Dalam sambutannya, Gubernur Agustiar menekankan pentingnya memperkuat persatuan, kebersamaan, dan semangat gotong royong sebagai fondasi membangun Kalimantan Tengah yang maju dan berkeadilan.
“Kita harus kompak dan gotong royong membangun daerah ini. Jangan sampai masyarakat lokal hanya menjadi penonton di tanah sendiri, seperti tikus di lumbung padi,” ucapnya.
Selain itu juga dalam hal ini mengapresiasi kepada TBBR atas kontribusi dan konsistensinya menjaga solidaritas serta nilai-nilai adat. TBBR sebagai mitra strategis pemerintah yang berkomitmen memperjuangkan kepentingan masyarakat Dayak dan menjaga keharmonisan sosial di daerah.

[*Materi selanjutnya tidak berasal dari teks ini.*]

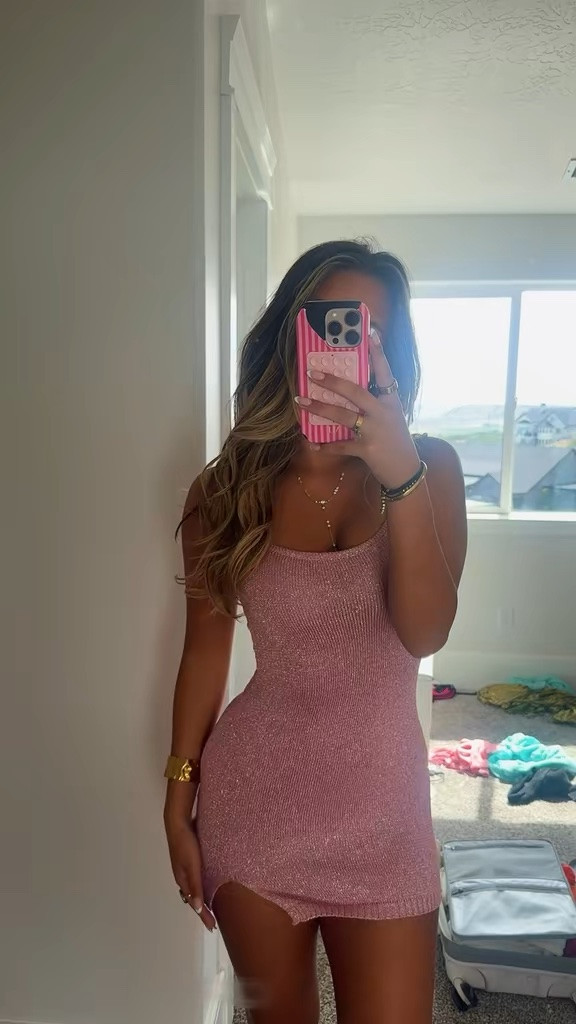 <3 #coverups #coverup #minidress #sequindress
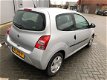 Renault Twingo - 1.2 16v Dynamique Automaat Climate, Cruise, Radio/cd - 1 - Thumbnail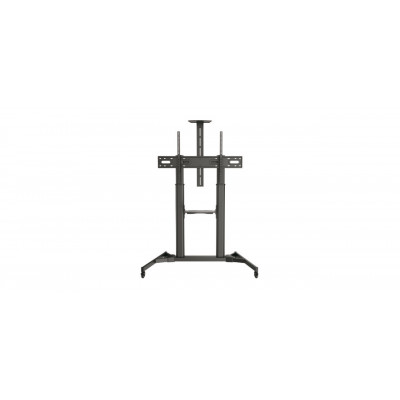STS-42106N soporte para monitor 2,54 m (100) Negro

“TBBR adalah organisasi yang berani, tampil, dan aktif. Saya menghargai peran strategisnya sebagai mitra pemerintah dalam memperkuat persatuan masyarakat dan menjaga stabilitas daerah,” tambahnya.
Pemerintah Provinsi Kalimantan Tengah berkomitmen untuk terus memprioritaskan pembangunan sumber daya manusia (SDM), terutama melalui pemerataan layanan pendidikan dan kesehatan hingga ke pelosok pedalaman.

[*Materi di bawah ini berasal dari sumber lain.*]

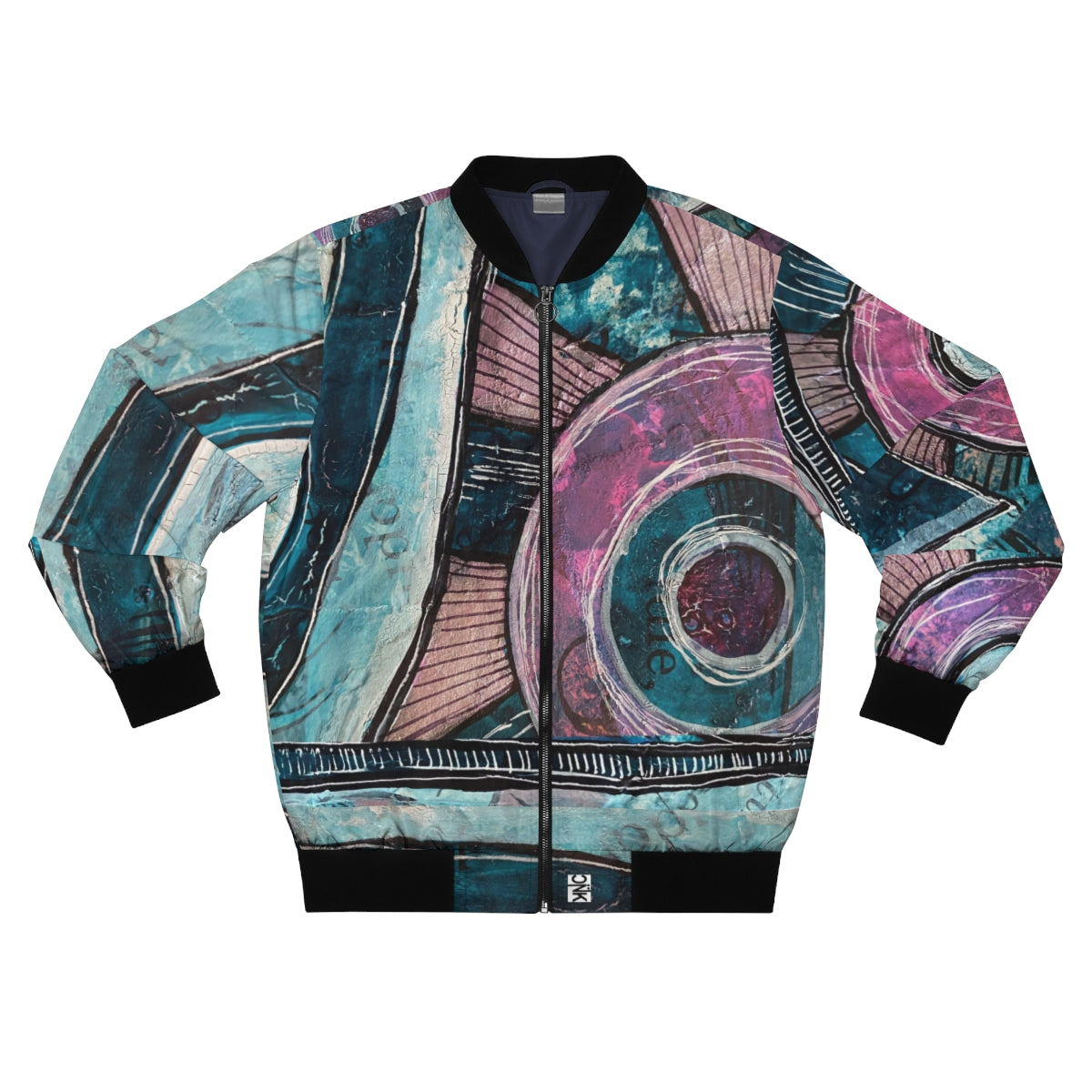 Bomber Jacket / Jelly Roll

“Kami ingin memastikan seluruh masyarakat, baik di kota maupun di desa, dapat menikmati pelayanan pendidikan dan kesehatan secara gratis dan merata. Tidak boleh ada anak dari pedalaman yang tertinggal dalam pendidikan, atau warga yang kesulitan berobat karena biaya,” lanjutnya.
Selain itu, mengajak seluruh organisasi masyarakat, termasuk TBBR, untuk menjadi mitra kritis dan konstruktif bagi pemerintah. Pentingnya sinergi antara pemerintah, adat, dan masyarakat sipil untuk menjaga stabilitas sosial serta memperkuat posisi Kalimantan Tengah dalam pembangunan nasional.
“Kehadiran adat harus sejalan dengan upaya pemerintah dalam meningkatkan kesejahteraan masyarakat dan menjaga kelestarian lingkungan. Kita ingin mencetak kader-kader Dayak yang cerdas, kompetitif, dan menjadi pelaku utama pembangunan di tanah sendiri,” ungkapnya. (yud)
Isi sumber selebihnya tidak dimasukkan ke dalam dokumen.